====== INFORMATION PROVIDED ======

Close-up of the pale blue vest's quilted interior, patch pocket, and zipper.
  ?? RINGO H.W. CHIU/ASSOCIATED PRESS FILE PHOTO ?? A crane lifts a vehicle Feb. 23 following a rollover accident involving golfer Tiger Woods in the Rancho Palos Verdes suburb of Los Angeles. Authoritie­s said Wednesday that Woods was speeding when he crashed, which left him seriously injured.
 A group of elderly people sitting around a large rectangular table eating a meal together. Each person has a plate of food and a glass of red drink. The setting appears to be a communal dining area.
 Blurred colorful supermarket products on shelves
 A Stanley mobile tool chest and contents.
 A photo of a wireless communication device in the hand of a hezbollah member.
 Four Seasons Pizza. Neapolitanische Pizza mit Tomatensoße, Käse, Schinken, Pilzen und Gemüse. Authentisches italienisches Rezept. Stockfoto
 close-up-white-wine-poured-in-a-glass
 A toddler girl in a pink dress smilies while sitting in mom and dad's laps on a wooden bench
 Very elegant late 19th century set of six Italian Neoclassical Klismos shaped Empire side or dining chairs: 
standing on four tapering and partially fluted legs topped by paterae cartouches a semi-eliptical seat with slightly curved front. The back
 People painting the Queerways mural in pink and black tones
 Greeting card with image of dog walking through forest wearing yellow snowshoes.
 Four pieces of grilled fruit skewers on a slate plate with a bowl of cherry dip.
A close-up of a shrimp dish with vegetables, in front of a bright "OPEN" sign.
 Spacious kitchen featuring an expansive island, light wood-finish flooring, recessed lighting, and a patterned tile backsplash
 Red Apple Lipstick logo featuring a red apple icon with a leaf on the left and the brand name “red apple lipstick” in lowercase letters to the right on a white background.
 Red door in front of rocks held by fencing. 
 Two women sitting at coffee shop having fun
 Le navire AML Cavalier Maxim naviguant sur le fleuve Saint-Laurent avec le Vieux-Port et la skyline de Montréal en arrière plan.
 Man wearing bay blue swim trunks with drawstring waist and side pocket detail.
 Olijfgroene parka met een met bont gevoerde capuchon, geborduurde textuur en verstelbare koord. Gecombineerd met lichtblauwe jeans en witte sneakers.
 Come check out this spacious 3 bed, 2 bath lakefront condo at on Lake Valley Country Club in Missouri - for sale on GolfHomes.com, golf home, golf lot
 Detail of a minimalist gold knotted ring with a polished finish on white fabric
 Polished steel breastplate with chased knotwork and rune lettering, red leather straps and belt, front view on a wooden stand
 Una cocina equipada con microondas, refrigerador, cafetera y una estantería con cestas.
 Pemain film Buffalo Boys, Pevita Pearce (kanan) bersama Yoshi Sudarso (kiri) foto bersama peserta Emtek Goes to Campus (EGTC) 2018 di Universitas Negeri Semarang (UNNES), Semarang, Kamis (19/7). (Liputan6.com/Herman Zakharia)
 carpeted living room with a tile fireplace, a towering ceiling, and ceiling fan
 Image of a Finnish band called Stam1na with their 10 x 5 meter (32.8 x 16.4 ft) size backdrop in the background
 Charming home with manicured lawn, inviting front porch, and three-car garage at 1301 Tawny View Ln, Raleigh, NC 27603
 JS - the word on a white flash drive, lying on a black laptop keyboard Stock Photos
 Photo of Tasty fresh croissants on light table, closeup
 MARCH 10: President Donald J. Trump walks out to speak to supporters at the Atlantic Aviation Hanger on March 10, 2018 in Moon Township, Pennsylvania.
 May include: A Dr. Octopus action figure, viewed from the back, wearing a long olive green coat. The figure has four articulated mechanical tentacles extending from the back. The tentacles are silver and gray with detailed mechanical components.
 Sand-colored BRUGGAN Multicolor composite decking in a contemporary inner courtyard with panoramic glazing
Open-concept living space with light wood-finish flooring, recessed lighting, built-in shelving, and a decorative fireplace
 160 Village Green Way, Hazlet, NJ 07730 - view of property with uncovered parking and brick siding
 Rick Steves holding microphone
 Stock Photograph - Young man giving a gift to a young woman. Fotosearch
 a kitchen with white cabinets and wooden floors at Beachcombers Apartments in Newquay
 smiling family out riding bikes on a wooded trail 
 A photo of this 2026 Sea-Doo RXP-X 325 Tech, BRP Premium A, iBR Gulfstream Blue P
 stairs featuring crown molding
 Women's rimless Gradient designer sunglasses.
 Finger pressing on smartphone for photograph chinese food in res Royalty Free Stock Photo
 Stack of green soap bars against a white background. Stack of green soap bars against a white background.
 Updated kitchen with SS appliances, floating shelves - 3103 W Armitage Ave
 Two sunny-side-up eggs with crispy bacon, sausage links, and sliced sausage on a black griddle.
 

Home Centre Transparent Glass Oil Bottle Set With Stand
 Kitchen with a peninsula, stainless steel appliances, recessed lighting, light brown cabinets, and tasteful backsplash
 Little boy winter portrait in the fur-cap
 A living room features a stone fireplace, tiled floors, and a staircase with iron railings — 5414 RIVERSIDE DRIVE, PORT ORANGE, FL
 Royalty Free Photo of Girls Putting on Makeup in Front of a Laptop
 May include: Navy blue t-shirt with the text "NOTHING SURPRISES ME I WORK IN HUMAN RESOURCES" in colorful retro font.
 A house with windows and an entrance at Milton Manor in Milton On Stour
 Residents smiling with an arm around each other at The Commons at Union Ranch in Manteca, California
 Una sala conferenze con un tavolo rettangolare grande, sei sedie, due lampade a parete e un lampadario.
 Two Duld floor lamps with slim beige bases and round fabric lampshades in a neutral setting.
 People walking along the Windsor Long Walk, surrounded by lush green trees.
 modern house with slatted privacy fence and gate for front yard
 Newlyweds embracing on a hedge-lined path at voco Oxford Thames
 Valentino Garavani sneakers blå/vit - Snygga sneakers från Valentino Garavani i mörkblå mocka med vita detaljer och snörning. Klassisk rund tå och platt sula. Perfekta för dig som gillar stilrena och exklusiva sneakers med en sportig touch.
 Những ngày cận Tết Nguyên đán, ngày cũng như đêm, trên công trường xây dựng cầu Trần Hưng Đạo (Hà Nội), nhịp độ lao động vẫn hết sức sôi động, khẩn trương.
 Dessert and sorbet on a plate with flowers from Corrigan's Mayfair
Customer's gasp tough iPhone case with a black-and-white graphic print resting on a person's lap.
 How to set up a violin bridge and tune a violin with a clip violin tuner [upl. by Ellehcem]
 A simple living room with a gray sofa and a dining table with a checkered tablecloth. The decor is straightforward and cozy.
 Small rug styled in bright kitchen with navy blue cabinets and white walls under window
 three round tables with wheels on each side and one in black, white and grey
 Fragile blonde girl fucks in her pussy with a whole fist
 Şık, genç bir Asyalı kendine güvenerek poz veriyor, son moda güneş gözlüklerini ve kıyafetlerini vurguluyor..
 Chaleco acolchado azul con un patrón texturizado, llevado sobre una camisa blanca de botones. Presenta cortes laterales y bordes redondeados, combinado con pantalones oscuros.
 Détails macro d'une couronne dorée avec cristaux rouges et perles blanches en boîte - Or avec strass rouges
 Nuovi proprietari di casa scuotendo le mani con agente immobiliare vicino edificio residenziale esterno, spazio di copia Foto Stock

======

## DIRECTIONS FOR THIS TASK
Which lines above include the string "avec"? Show them.

## RESULT FOR THIS EXERCISE
 Le navire AML Cavalier Maxim naviguant sur le fleuve Saint-Laurent avec le Vieux-Port et la skyline de Montréal en arrière plan.
 Détails macro d'une couronne dorée avec cristaux rouges et perles blanches en boîte - Or avec strass rouges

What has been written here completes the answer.